A magical, comic, and ultimately profound story of old Kirkuk


Set in the northern Iraqi city of Kirkuk during the 1950s, The Last of the Angels tells the slyly humorous tale of three strikingly different people in one small neighborhood. During a labor strike against the British-run Iraq Petroleum Company, Hameed Nylon becomes a labor organizer and later a revolutionary, like his hero, Mao Tse-Tung. His brother-in-law, the sheep butcher Khidir Musa, travels to the Soviet Union to find his long-lost brothers, and returns home to great acclaim (and personal fortune) in an airship. Meanwhile, a young boy named Burhan Abdullah discovers an old chest in the attic of his family’s house that lets him talk to angels. By turns satiric, picaresque, and apocalyptic, The Last of the Angels paints a loving, panoramic, and elegiac portrait of Kirkuk in the final years of Iraq’s monarchy. But as the grim reality of modern Iraqi history catches up with the novel’s events, we come to learn the depth and complexity of Hameed Nylon, Khidir Musa, and Burhan Abdullah, and al-Azzawi’s comic novel becomes a moving tale of growing up in a dangerous world.
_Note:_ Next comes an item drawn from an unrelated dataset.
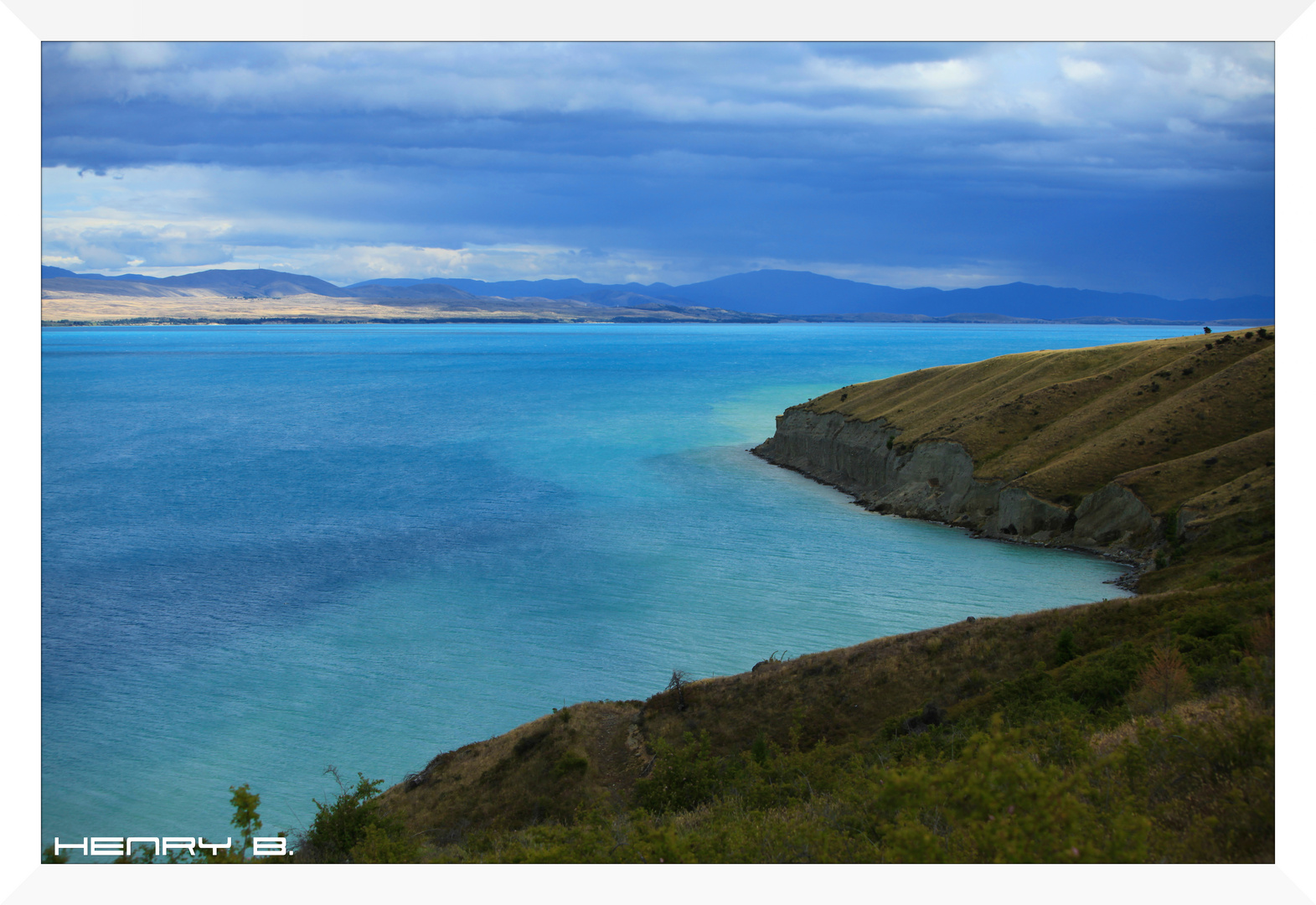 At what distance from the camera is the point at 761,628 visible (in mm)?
34375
FADHIL AL-AZZAWI was born in Kirkuk, Iraq, in 1940. He holds a Ph.D. in cultural journalism from the University of Leipzig and is the author of sev-eral novels and collections of poetry. In Iraq, he was a member of the “Kirkuk Group” of poets of the 1960s generation. He has lived in Germany since 1977. WILLIAM M. HUTCHINS is the principal translator of Naguib Mahfouz’s Cairo Trilogy (AUC Press, 1989-92), and has most recently translated Ibrahim al-Mazini’s Ten Again and other stories (AUC Press, 2006).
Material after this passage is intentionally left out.